Self Expression Magazine

He Finally Admits He’s a Writer

By Shrinkingthecamel

He Finally Admits He’s a WriterA couple weeks ago I was sitting in a circle with a small group of business men in a second-story room of a downtown church, which, come to think of it, could have easily been confused with any number of those anonymous addiction groups. Instead, these fine gentlemen had gathered to discuss my e-book, At Work as it is in Heaven. They wanted to learn a little background about how I, a business executive, had come to write it, and all.

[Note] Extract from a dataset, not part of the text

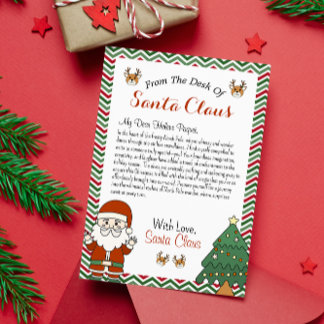 From the Desk of Santa Claus Christmas Letter Holiday Card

“Well,” I began, with a great deal of conviction and worldly j’ ne se qua flair, “Although I pursued a career in management, there was always this incessant need for creative expression, and soon enough it just got the best of me. You see, I am a writer, and – ”

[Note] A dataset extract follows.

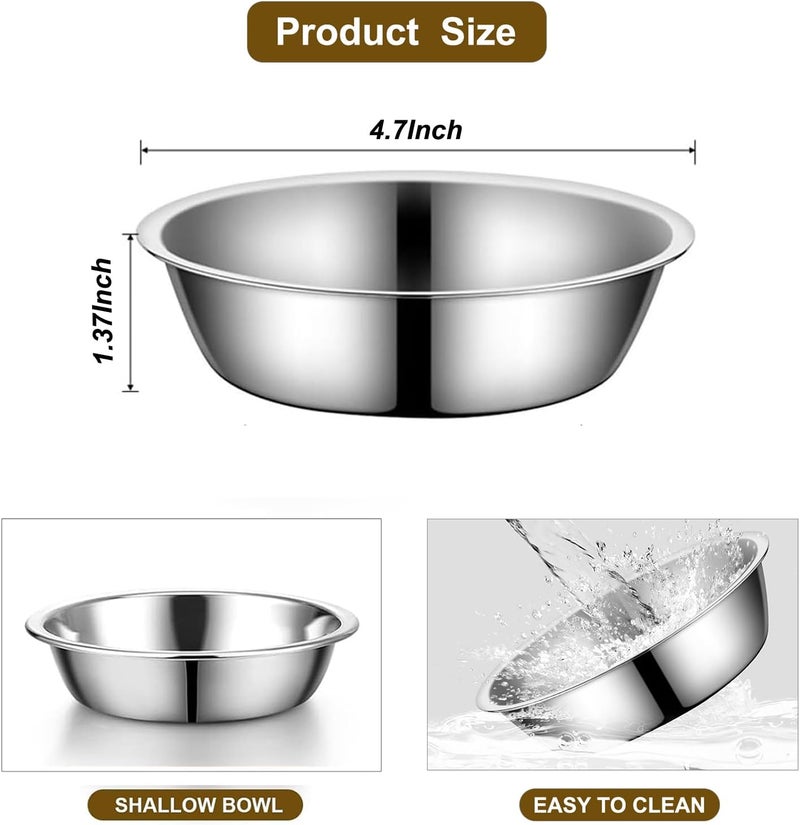 Summark Stainless Steel Raised Cat Food Bowl for 3 Bowls, 4.7-Inch Replaceable Cat Bowl, 3 Pack （Only fit 4.7 inch 3 Bowls） - Image 2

At this point I paused for a moment, surprised, as if I had just confessed out loud something I hardly dared admit to myself. I stared blankly out the window, gazing at the rooftops descending beneath, and then continued quite slowly and deliberately with the following statement: “- and writers are a strange bunch.”

How else to explain the awkward compulsion to document in great detail one’s innermost thoughts and feelings, only to publish for all to see as if there was some profound wisdom there to be gained for the world’s benefit? I figured it best to provide an explanation before they beat me to the punch, since they were surely thinking it.

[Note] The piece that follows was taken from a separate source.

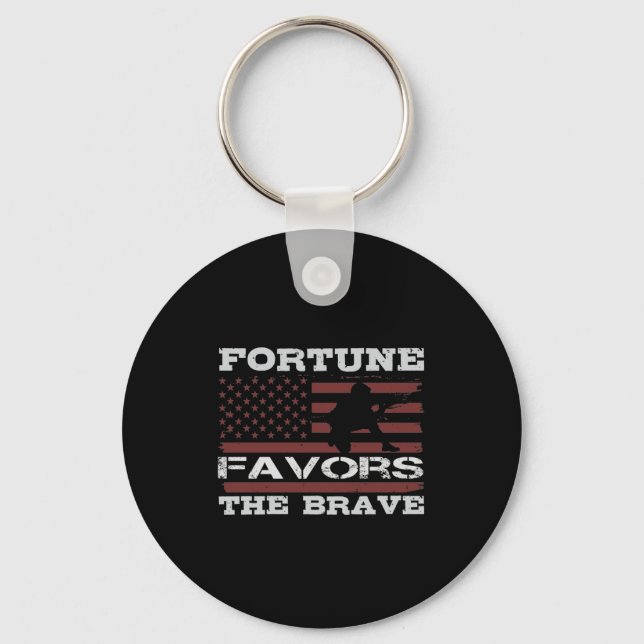 Fortune Favours The Brave Keychain (Front)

Up until this point, I had trouble actually considering myself as a writer. It’s one thing to say, “Oh, yes, I’ve authored a book,” or to mention that I wrote an article somewhere, but to call myself a writer, well, it just sounds pretentious. Like, next thing you know I’ll be wearing a beret and smoking a pipe. I am not well-known for writing, nor am I all that talented or original, and it certainly does not provide a full time living. It’s a hobby, that’s all; just a little past-time.

Plus, well, I’ve gotten to see some of these people, these writers, up close, and they are by all appearances a desperate and insecure lot, clawing for attention at every turn to prop up an otherwise fragile self-esteem. Hey, you! Look at my blog! Look at my e-book! Be enriched from my transparency and spiritual wisdom! Please like me! Anyways, it scared me how much I fit right in.

I may feel somewhat self-conscious, but, hey, there are plenty of other people involved in far stranger activities. I know many who wake up in a hut in the wilderness at four in the morning to sit in a tree stand all day with a gun or bow, waiting for a buck to appear. Or how about that colleague with a great passion for collecting historical real estate deeds? Weird. Others participate in sadistic ironman marathons. We all have our sick methods of coping.

And whose business is it anyway if I want to think of myself as a writer, among other things? I am not defined by just one calling. I suppose “writer” is one of many identities I’ve accumulated or shed over the years, adapting like a new species to its shifting environment.

I’m adapting to the second half of life, you might say.

But, really, I’m over it. I will bravely face the harsh truth.